In response, I often remind them of the words of the fourth-century desert father, Anthony, who said, “God no more turns from the sinner than the sun ceases to shine for the blind man.” So while we may turn our backs on God, our Father never ever leaves us or abandons us. There is, in that sense, no separation. There can, however, be a profound sense of alienation in the one who turns away. Alienation is the experience of fear and isolation that occurs when we embrace the delusion of separation. If you believe your sins separate you from God, you’ll feel that alienation and either run and hide (like Adam and Eve) or you’ll dive into fruitless religious striving in an attempt to overcome the alienation, or you’ll make up some doctrinal fiction about the Cross that diminishes the full deity of Christ.

As an illustration of the profound fear we experience in alienation, I remember quite clearly the first time I lost my mother in a department store—it was circa 1969 at The Bay in Winnipeg. I had wandered to the far side of a round coat rack and lost sight of her. I began to panic and made my way to the last place I had seen her. She wasn’t there. My heart began to pound and I cried out for her, “Mom? MOM?! MOM!!!!!” She immediately heard my voice and came quickly to find me. I felt the alienation of getting lost and (I supposed) separated from my mother even though she was just meters away.

Even in my childhood, I knew I could trust my mom and was secure in her love for me. I didn’t even occur to me that she had lost or left me. Even as a five-year-old, I knew it was I who had lost her. I knew she had not forgotten, forsaken, abandoned, rejected, or disowned me. I knew even then that my sense of alienation had changed nothing in the relationship. So even the idea of separation was only locational, not relational.

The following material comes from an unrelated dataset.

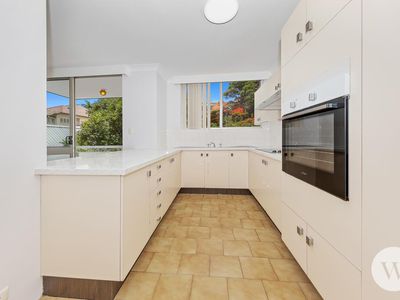 2 / 30 Curd Street, Greenslopes
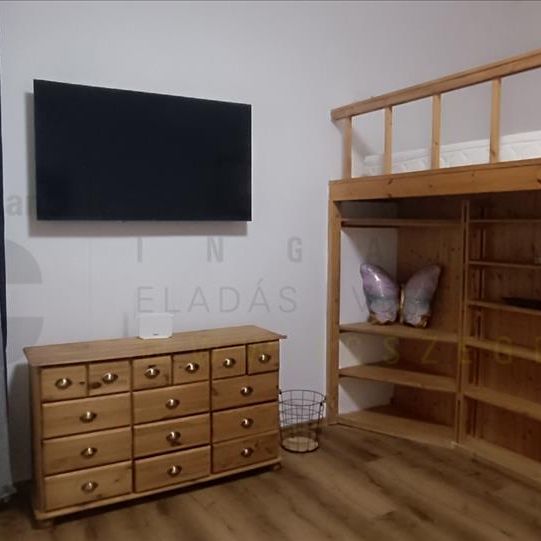 Kiadó felújított lakás - Szeged - Fotó 1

This illustrates for me how in our turning away from God, we do have a very real experience of alienation. I think that’s the most helpful word. But again I insist, the feeling of alienation is real while the belief in separation is a delusion. NO, when we turn from perfect Love, Love never turns from us (no abandonment, no rejection, no separation). But yes, when we turn from perfect Love, we DO experience that painful feeling of alienation. We feel that God is absent, though he is not. Paul says, “You were alienated from God and hostile in your minds” … 

This delusion of separation (the belief that God is furious, or absent, or punitive) seems to be part of what we call ‘the fall.’ What happened when Adam and Eve abandoned their complete trust in God’s perfect love? They instantly fashioned a false image of God (the angry punisher) out of the dust of their shame and felt compelled to hide.

But what did God do? God came looking for them. And when they had to leave the garden, what did God do? God went with them. This is our story. We turn to go, and God goes with us. His presence is mercy to us—and that presence is everywhere and that mercy endures forever. The Cross is Christ’s repudiation of separation and the solution to our alienation—no need for appeasement, no use striving to please him. We need only turn toward the One who never turned from us.

This being the case, John the apostle does not say, “Fear Jesus Christ, your great and terrible sovereign.” He says, rather, that the Cross of Christ shows us that “God is love … and perfect love drives out fear.” Now, before such gob-smacking love, reverent submission makes perfect sense, never driving me to hide but instead, to run into his open arms!